Activity: From the line that contains "Ever Moment Diamond" through the closing line of the entries, write out each line exactly; pictures stay out.

Working data:
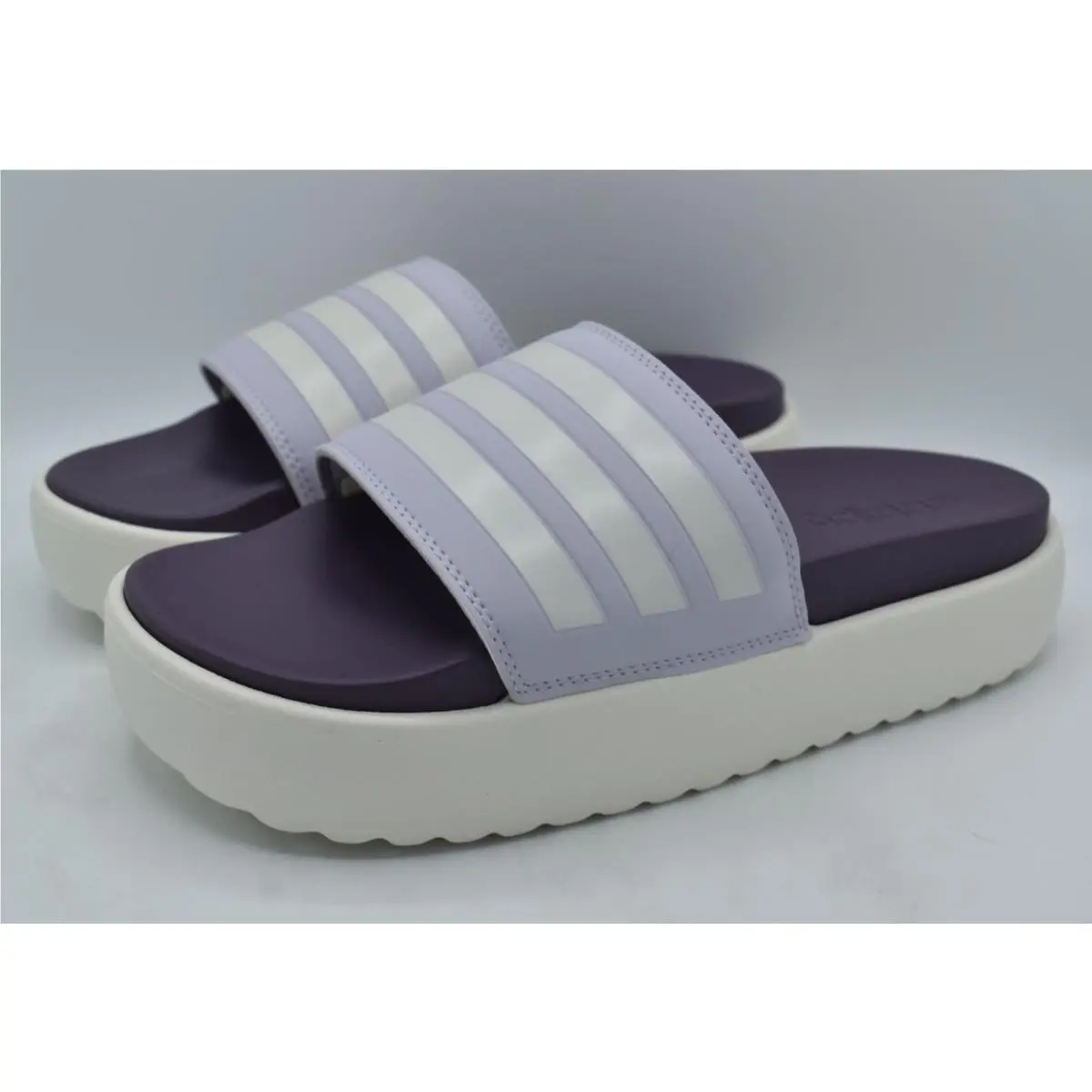Adidas Womens Size 10 Adilette Platform Purple White Slide Sandals Shoes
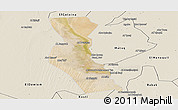 Satellite Panoramic Map of Kawa, shaded relief outside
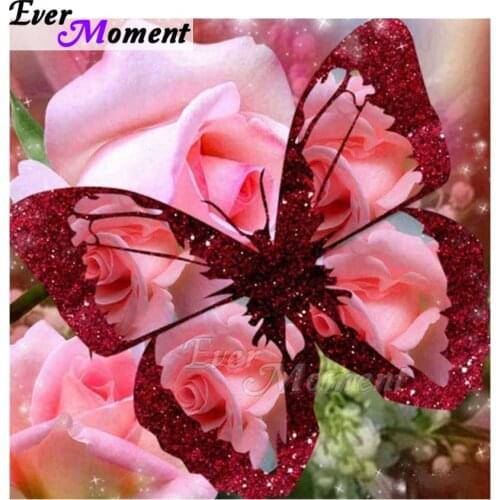 Ever Moment Diamond Painting Pink Flower Butterfly Full Square Drill 5D DIY Picture Of Rhinestone Diamond Embroidery ASF1743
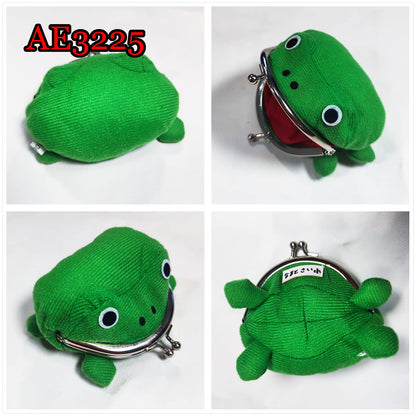 Anime Green Frog Plush Wallet Cosplay Cute Small Soft Money Box Pouch.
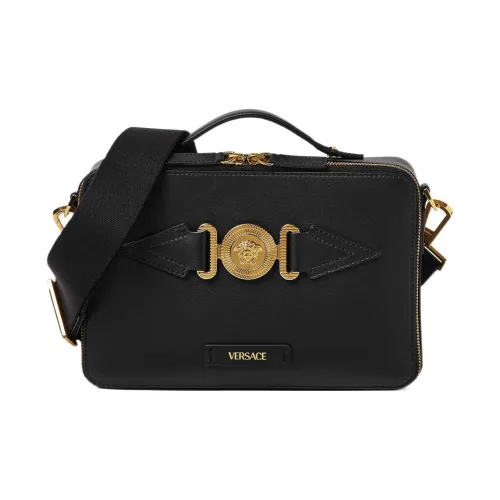 VERSACE Сумка через плечо из телячьей кожи мужская черная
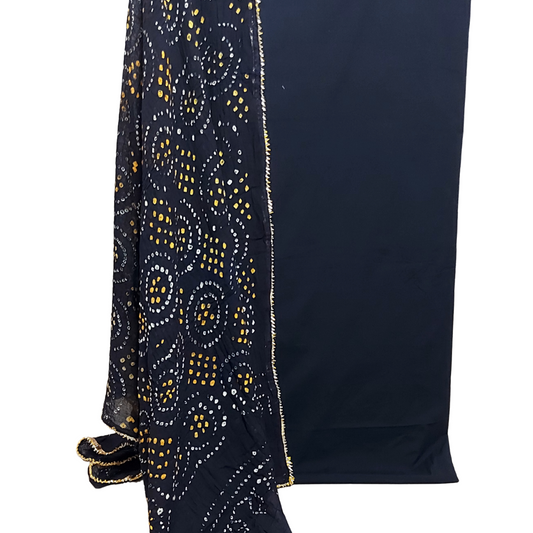 Black Plain Kurta Fabric With Black Bandhani Dupatta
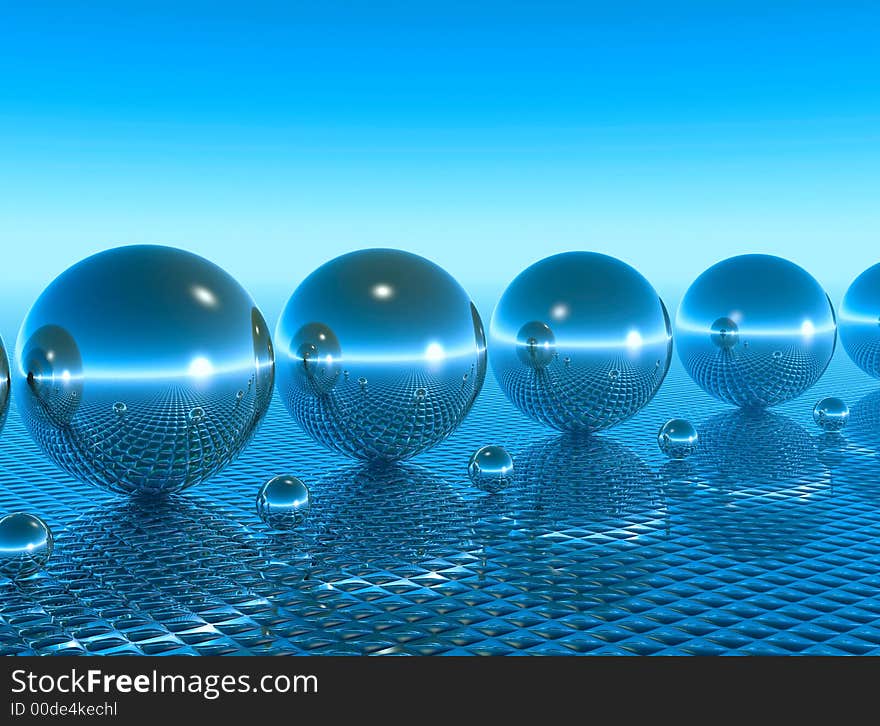 Abstract 3D composition - ball set on glass surface. Abstract 3D composition - ball set on glass surface.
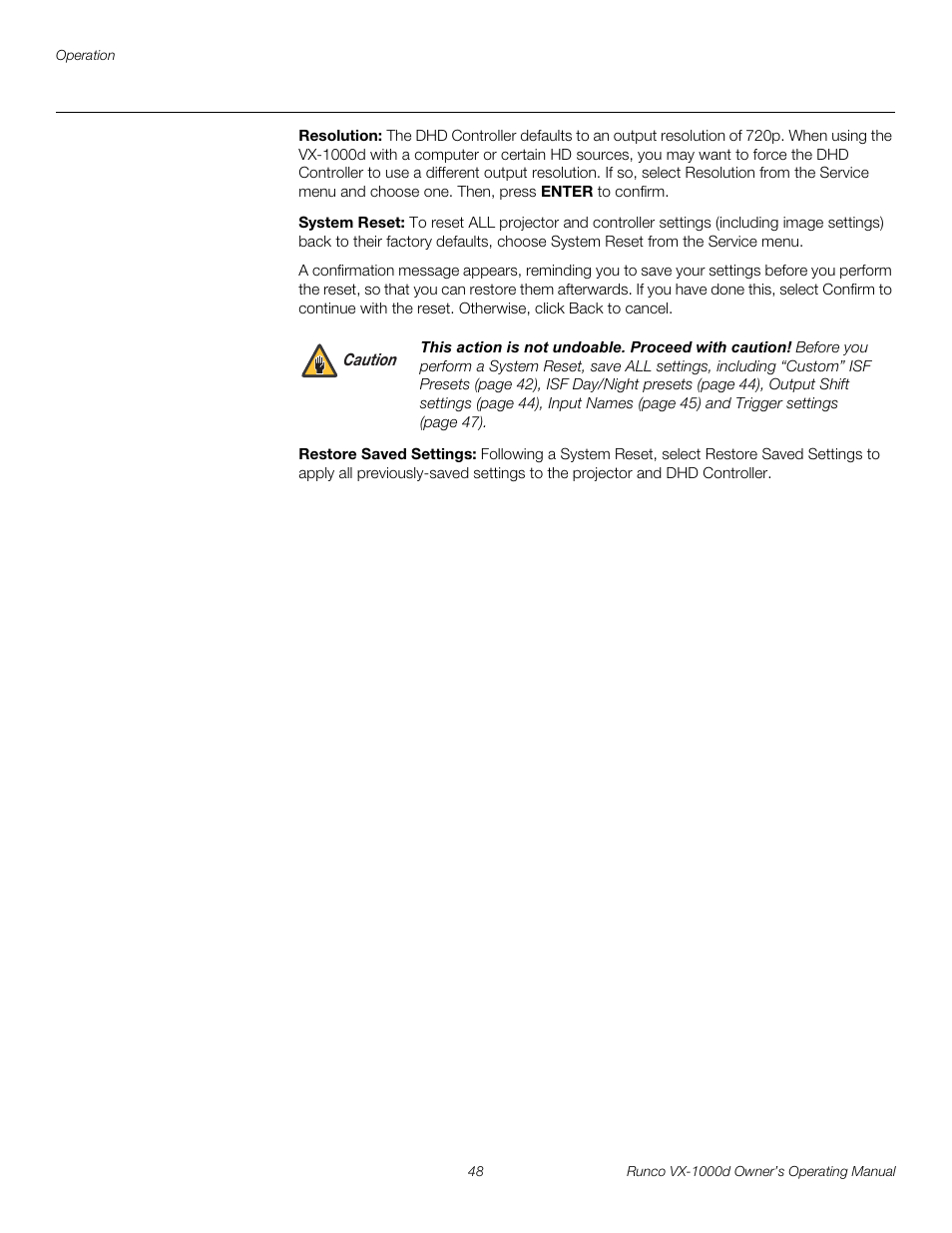 Resolution, System reset, Restore saved settings | Restore saved settings in, D restore saved settings, Pre l iminar y | Runco VX-1000d User Manual | Page 60 / 76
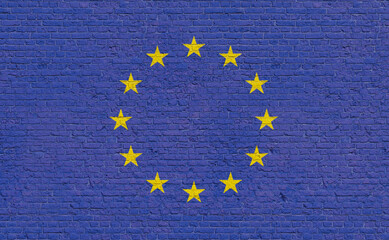European Union flag colors painted on a brickwall. National colors, country, union, banner, government, politics.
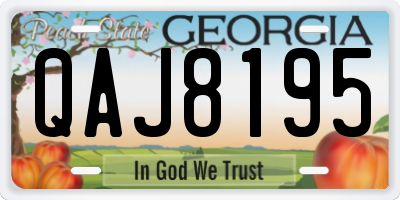 GA license plate QAJ8195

Result of this task:
 Ever Moment Diamond Painting Pink Flower Butterfly Full Square Drill 5D DIY Picture Of Rhinestone Diamond Embroidery ASF1743
 Anime Green Frog Plush Wallet Cosplay Cute Small Soft Money Box Pouch.
 VERSACE Сумка через плечо из телячьей кожи мужская черная
 Black Plain Kurta Fabric With Black Bandhani Dupatta
 Abstract 3D composition - ball set on glass surface. Abstract 3D composition - ball set on glass surface.
 Resolution, System reset, Restore saved settings | Restore saved settings in, D restore saved settings, Pre l iminar y | Runco VX-1000d User Manual | Page 60 / 76
European Union flag colors painted on a brickwall. National colors, country, union, banner, government, politics.
 GA license plate QAJ8195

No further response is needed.